::: PROVIDED INFORMATION

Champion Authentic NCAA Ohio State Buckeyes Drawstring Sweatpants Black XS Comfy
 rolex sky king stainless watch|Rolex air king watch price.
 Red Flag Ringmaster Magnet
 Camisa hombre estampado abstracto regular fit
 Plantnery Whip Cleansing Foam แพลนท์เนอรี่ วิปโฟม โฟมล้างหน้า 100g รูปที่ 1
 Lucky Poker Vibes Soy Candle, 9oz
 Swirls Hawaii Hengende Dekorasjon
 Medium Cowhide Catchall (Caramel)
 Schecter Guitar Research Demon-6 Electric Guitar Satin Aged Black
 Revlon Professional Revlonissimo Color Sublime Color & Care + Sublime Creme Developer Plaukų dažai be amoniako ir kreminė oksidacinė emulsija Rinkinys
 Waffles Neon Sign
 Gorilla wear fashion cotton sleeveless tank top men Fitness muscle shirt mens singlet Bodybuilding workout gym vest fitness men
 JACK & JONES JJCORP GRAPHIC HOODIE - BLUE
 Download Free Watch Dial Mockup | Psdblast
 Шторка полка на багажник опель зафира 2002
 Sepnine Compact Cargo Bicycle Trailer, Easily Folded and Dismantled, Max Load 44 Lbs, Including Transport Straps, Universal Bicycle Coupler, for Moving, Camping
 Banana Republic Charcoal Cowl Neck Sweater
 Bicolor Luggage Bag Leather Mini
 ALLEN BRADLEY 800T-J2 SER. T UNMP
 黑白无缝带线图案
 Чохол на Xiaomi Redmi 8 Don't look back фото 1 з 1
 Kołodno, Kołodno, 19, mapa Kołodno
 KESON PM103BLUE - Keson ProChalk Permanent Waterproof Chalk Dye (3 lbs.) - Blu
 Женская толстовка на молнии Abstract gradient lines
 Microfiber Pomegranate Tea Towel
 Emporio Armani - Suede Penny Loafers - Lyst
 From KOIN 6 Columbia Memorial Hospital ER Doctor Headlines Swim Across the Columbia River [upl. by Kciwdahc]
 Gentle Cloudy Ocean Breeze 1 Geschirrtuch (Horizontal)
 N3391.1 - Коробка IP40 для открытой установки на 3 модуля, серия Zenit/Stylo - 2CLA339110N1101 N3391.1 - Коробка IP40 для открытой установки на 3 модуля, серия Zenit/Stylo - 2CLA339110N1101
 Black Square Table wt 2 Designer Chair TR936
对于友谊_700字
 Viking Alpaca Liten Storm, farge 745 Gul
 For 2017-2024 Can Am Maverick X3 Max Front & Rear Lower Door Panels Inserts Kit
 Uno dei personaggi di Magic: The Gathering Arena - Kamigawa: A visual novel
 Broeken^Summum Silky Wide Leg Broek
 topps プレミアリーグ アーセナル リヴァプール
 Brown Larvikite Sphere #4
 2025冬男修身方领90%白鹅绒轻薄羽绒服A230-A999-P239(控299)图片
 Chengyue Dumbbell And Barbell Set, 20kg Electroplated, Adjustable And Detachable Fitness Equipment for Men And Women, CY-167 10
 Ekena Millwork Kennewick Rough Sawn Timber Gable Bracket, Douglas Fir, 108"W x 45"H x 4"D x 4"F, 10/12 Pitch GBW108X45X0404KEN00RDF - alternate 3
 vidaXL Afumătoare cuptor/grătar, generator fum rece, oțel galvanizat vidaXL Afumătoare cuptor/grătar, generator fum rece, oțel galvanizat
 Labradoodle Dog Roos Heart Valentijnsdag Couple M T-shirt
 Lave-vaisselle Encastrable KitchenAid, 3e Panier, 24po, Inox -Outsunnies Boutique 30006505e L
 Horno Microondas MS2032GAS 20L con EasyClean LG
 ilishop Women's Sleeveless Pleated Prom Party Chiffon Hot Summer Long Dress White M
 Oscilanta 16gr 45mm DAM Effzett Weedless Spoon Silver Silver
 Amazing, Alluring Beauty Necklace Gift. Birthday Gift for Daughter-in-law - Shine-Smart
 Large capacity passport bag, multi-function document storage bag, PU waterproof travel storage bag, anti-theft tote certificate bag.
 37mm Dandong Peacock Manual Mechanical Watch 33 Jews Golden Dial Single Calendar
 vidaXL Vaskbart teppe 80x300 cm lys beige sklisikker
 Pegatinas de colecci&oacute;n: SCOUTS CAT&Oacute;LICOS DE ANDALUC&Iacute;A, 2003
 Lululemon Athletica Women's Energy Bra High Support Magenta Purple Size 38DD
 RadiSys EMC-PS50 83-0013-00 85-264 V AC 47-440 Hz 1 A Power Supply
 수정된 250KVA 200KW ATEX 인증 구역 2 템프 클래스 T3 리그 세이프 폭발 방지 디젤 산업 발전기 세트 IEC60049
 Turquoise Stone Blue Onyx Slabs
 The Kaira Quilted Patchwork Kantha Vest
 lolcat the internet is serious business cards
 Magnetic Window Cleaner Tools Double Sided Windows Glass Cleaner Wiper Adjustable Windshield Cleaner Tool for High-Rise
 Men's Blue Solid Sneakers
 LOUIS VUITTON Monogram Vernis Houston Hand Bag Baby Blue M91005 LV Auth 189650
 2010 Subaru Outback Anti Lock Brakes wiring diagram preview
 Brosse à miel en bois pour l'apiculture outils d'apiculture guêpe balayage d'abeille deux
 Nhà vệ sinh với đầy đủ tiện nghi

::::::

▶ _EXERCISE BRIEF_:
Your answer should consist of the lines from the listing that hold the word "High".

▶ _SOLUTION TO THE PROBLEM_:
 Lululemon Athletica Women's Energy Bra High Support Magenta Purple Size 38DD
 Magnetic Window Cleaner Tools Double Sided Windows Glass Cleaner Wiper Adjustable Windshield Cleaner Tool for High-Rise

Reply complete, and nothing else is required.